Verify the API compliance with: rosetta-cli check --server-url=<node>

@frol:

I have reviewed the API they want and it is going to be a bit hacky translating our terms into Rosetta (they use transaction hash to query the information about the transaction while we require transaction hash + account id due to sharding requirements). Illia suggested requiring the node to track all the shards to be able to serve Rosetta requests. With this assumption, we can implement querying transactions just by their hash, though that might create some confusion if we have JSON RPC and Rosetta RPC side-by-side.

Their auto-generated stub in Go looks fine for internal use (it seems that the input validation is missing), but I don't have experience with Go to take it over. Thus, I think that implementing Rosetta RPC right into the nearcore is the fastest way to go, and also the most maintainable. I estimate it to be a week-long effort for me.

@ilblackdragon:

Let's go ahead with requirement on having tracking all shards.

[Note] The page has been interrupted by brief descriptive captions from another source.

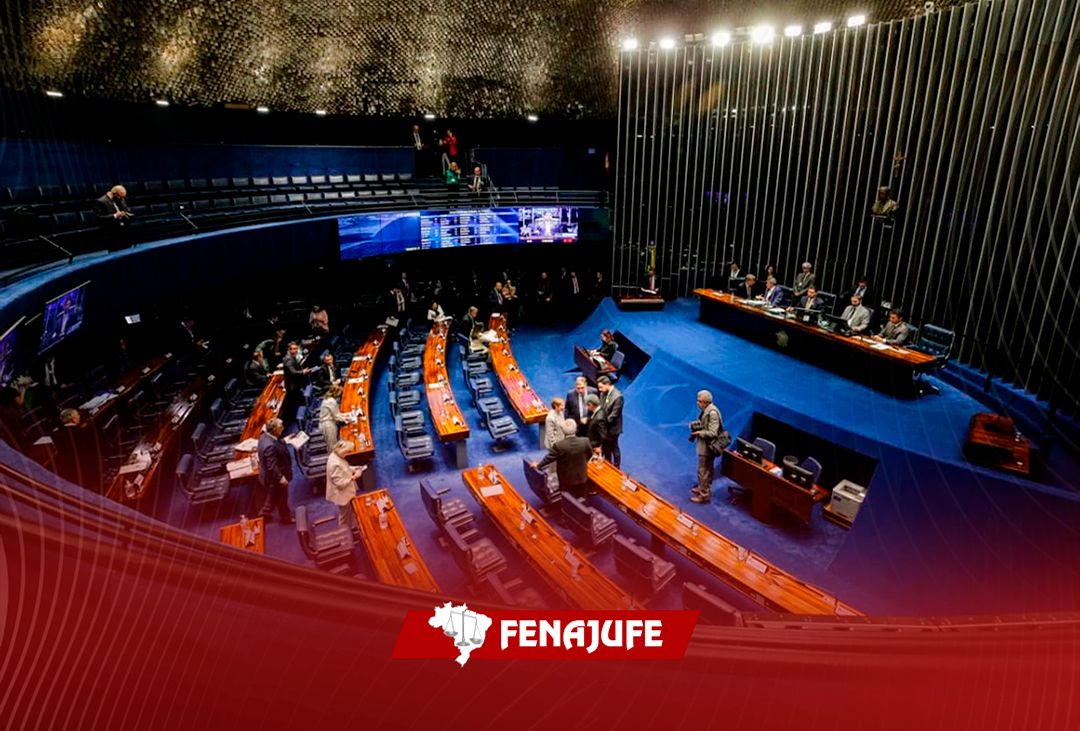 Senado aprova proposta que permite acumulação com cargo de professor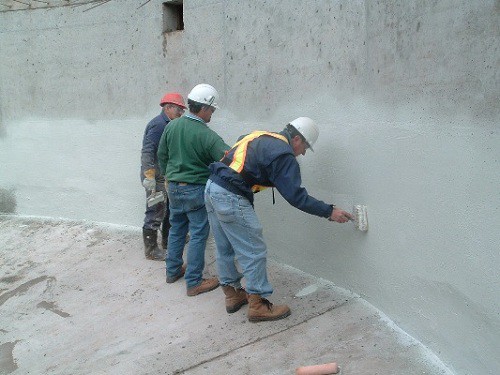 xử lý chống thấm tường nhà mùa mưa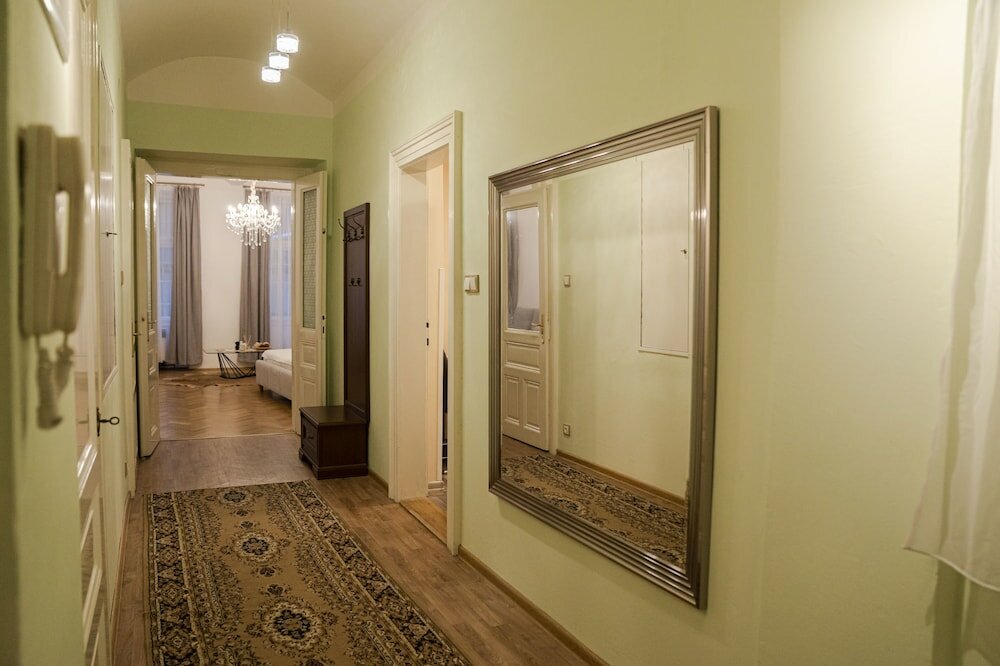 Фото Helen Homestay Václavské náměstí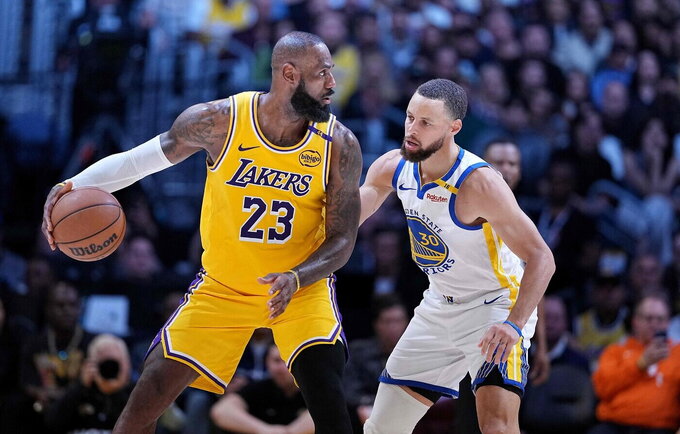 NBA legendų susidūrime pergale šį kartą džiaugėsi S.Curry (Scanpix nuotr.)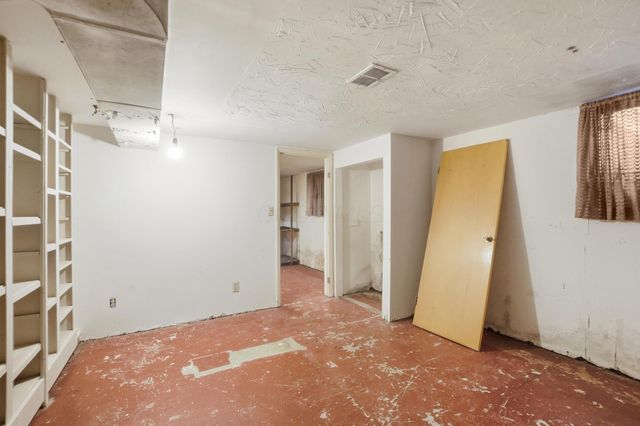 3735 W Henderson Road, Upper Arlington, OH 43220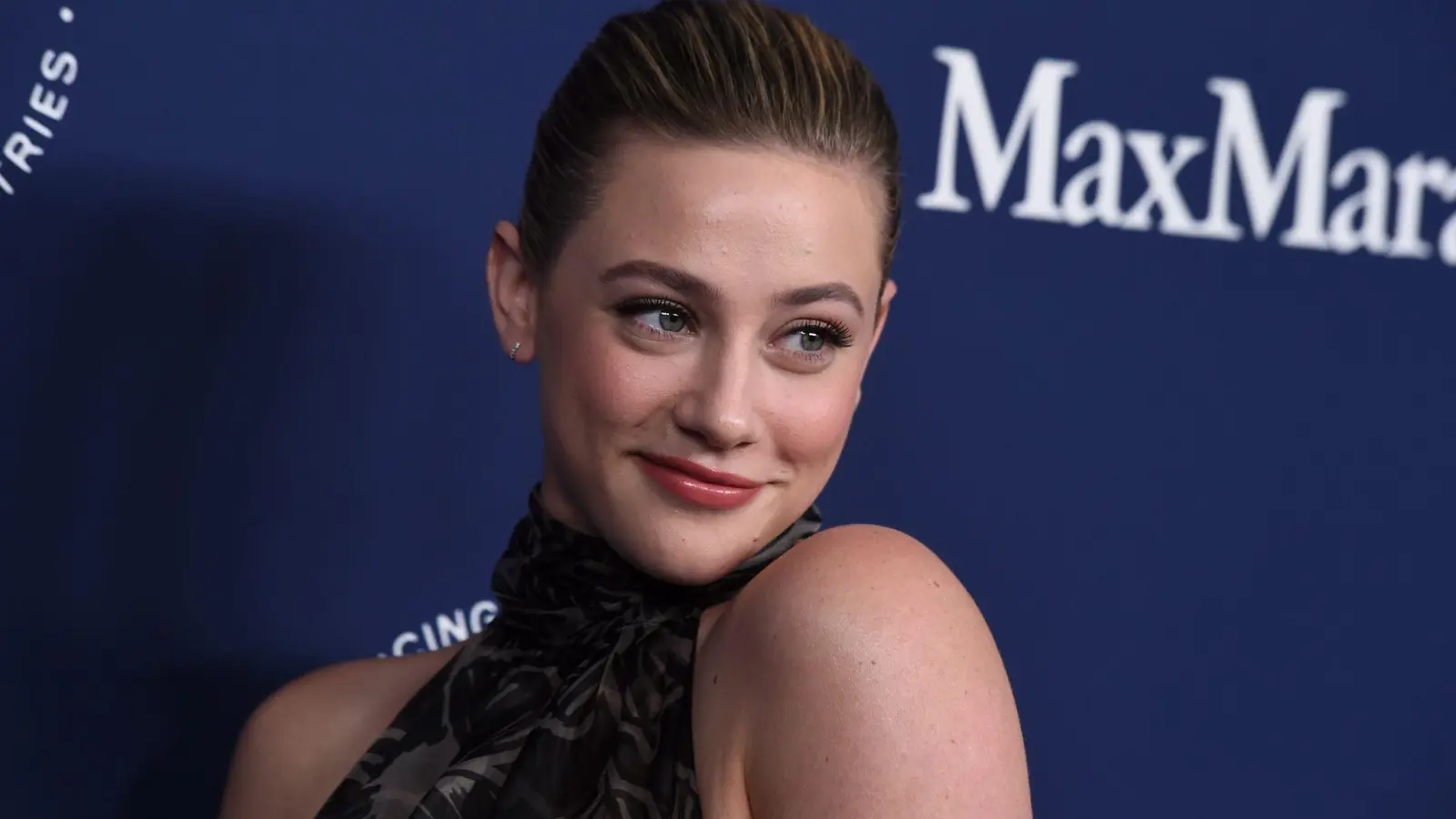 Lili Reinhart gibt auf Instagram Klinikfotos preis. (Archivbild) (Bild: Jordan Strauss/Invision/AP/dpa)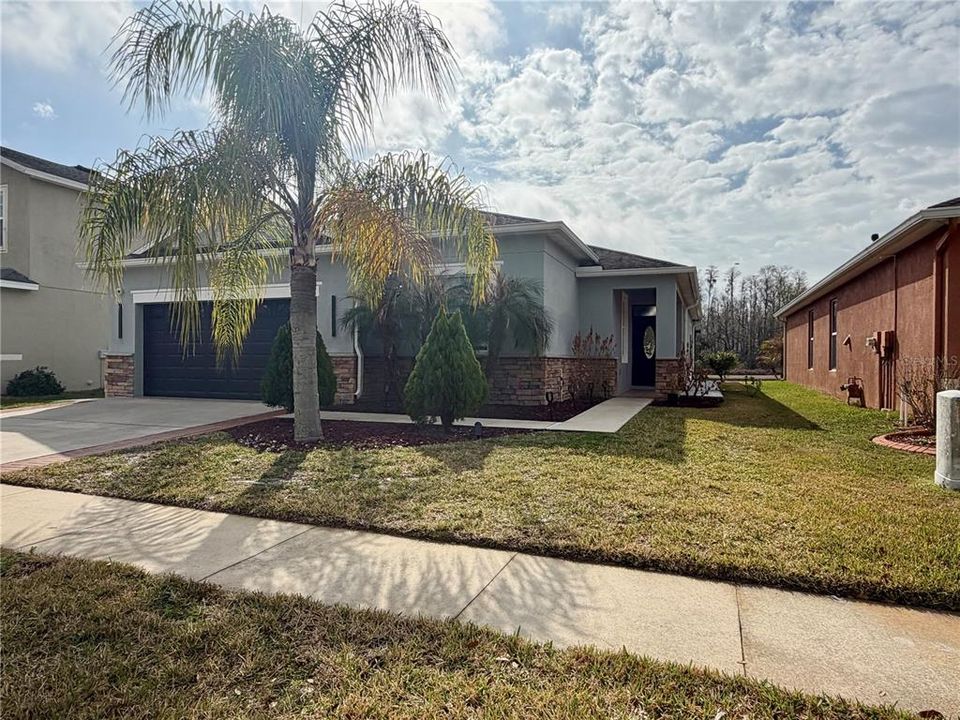 Vendido Recientemente: $499,900 (4 camas, 2 baños, 1965 Pies cuadrados)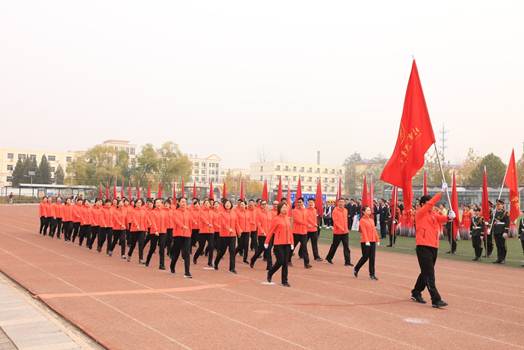 说明: D:\桌面文件整理到了D盘\北京市商业学校第三十四次运动会\新建文件夹 (2)\IMG_8654.JPG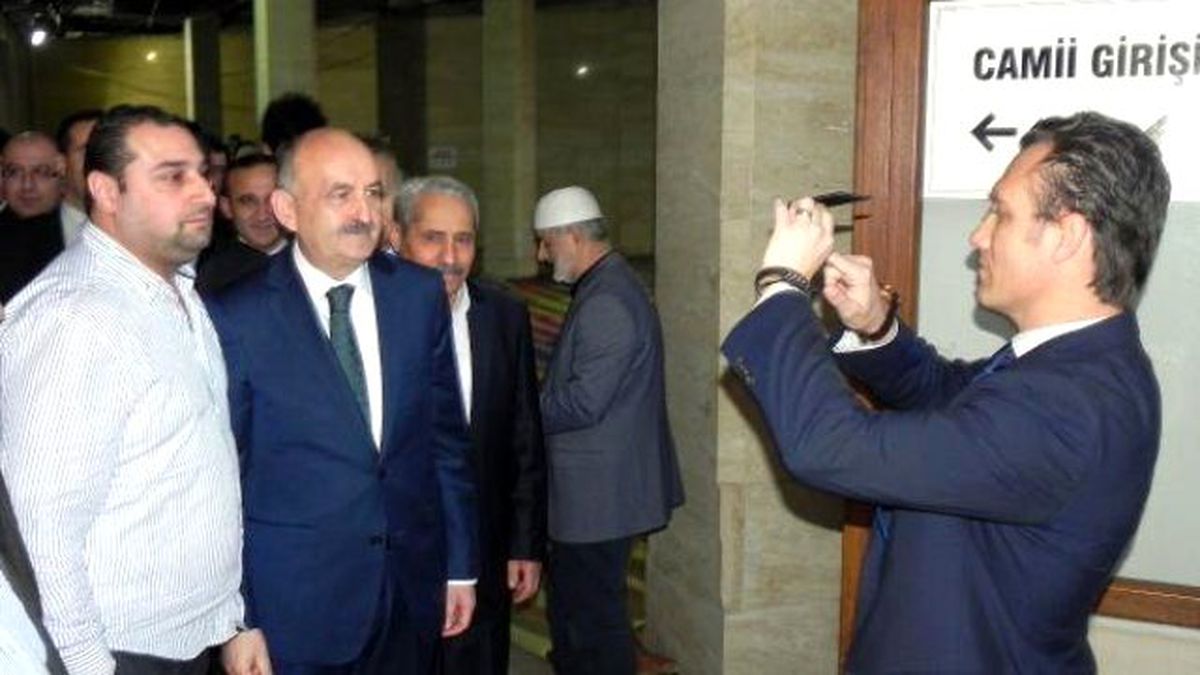 Müezzinoğlu: Güneydoğu\'da 355 Bin Kişiyi Yeni Aile Hekimleri ile Buluşturduk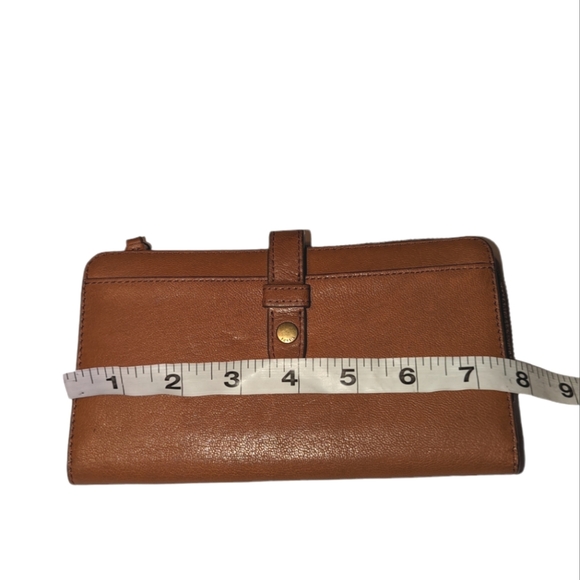 Fossil Leather Tan Wallet - Picture 9 of 9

We can have this API enabled with a config flag for now and it checks that all shards are tracked as well, so it's less weird.

This is a priority as we have a large portion of our financial backers waiting to use Custody and blocks our transition to Phase 1 -> 2.

bowenwang1996 commented 4 years ago

@frol shouldn't it be P0?

frol commented 4 years ago

I left some room for the “on fire” P0 items.

eriktrautman commented 4 years ago

Checking in on this since we scoped it for < 1 week. Are we ready to hand back to Coinbase?

frol commented 4 years ago

Sorry, we are not. I am behind the schedule due to the relocation back home from Argentina.

eriktrautman commented 4 years ago

How is this going? We're trying to get a timeline from them but this integration is actually still the blocker.

damons commented 4 years ago

Any update here?

frol commented 4 years ago

The implementation is there, but Rosetta checker is not happy yet. I am currently resolving the mismatches between my understanding vs Rosetta expectations (working with Patrick from Coinbase on these).

damons commented 4 years ago

Moving to Phase 2. Will re-address when we get there.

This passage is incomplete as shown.